Contrats de génération : le flop

Ce devait être la grande avancée sociale, promise par le candidat Hollande avant son élection à la présidence de la République en 2012. Ce fut en réalité un échec retentissant. Les fameux contrats de génération, censés faciliter le recrutement de jeunes tout en maintenant les plus âgés dans l’emploi, ont raté leur cible. En février 2016, la Cour des comptes s’est livrée à une attaque en règle de ce dispositif, d’abord destiné à des binômes jeunes-seniors puis intégré à des accords plus larges pour les entreprises salariant plus de 50 personnes. Dans son rapport, la Cour rappelle la cible initiale : 500 000 contrats signés fin 2017. Fin juillet 2015, elle en dénombre 40 300 alors que 220 000 étaient espérés à cette échéance. Concernant les accords collectifs, elle évalue à seulement 8 millions le nombre de salariés couverts sur un total de 23 millions. Un fiasco.

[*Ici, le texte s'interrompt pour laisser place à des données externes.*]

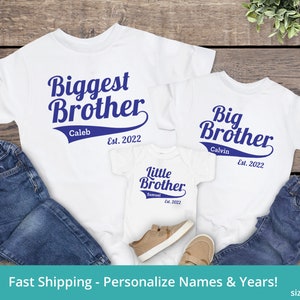 Personalized Set of Three Biggest Brother, Big Brother, Little Brother, Coordinating Brother Outfits, Matching Brother Shirts, Sibling
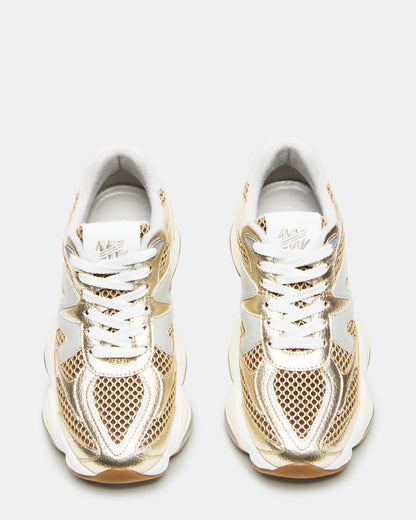 Steve Madden SEBI Gold Multi Low-Top Lace-Up Women's Sneaker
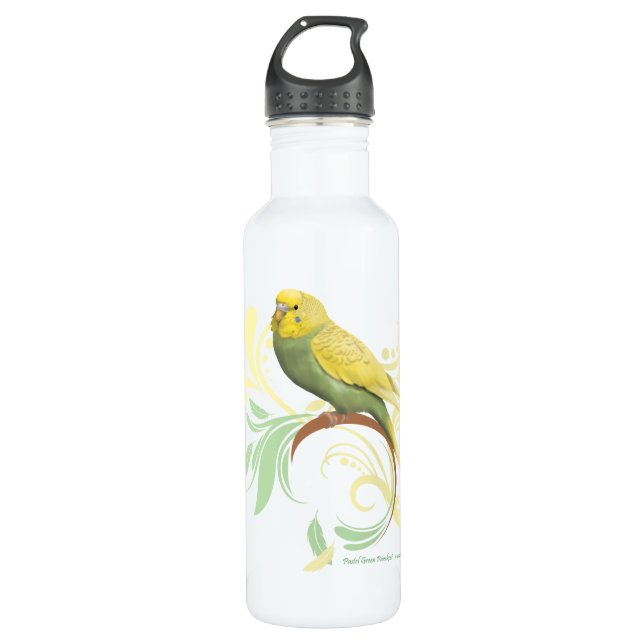 Pastel Green Parakeet Trinkflasche (Vorderseite)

Si la quantité d’accords fait défaut, la qualité n’est pas non plus au rendez-vous. Les magistrats de la Rue Cambon estiment que, « en ce qui concerne l’embauche et le maintien dans l’emploi des salariés âgés, les objectifs affichés par les branches apparaissent modestes ». De fait, ceux-ci se limitent le plus souvent à ne pas dégrader la situation. Le minimum syndical, en quelque sorte. En outre, sur la partie concernant le diagnostic de la situation des seniors, la Cour estime que les accords reprennent purement et simplement « des dispositions déjà prescrites par le Code du travail », telles l’élaboration d’une pyramide des âges ou des prévisions de départs à la retraite. Pis, le rapport met en lumière, dans quelques grandes entreprises, des textes qui « frôlent même le paradoxe, comme ceux qui favorisent les départs précoces des seniors ». C’est-à-dire l’exact opposé de l’esprit de la loi.

47 %

C’est le taux d’emploi des 55-64 ans.

7 %

C’est leur taux de chômage.

38,1 %

C’est la proportion de retraités qui ont perçu un salaire l’année précédant l’arrêt de leur activité.

Sources : Dares 2015 (chiffres 2014) ; PLFSS 2016 (chiffres 2013).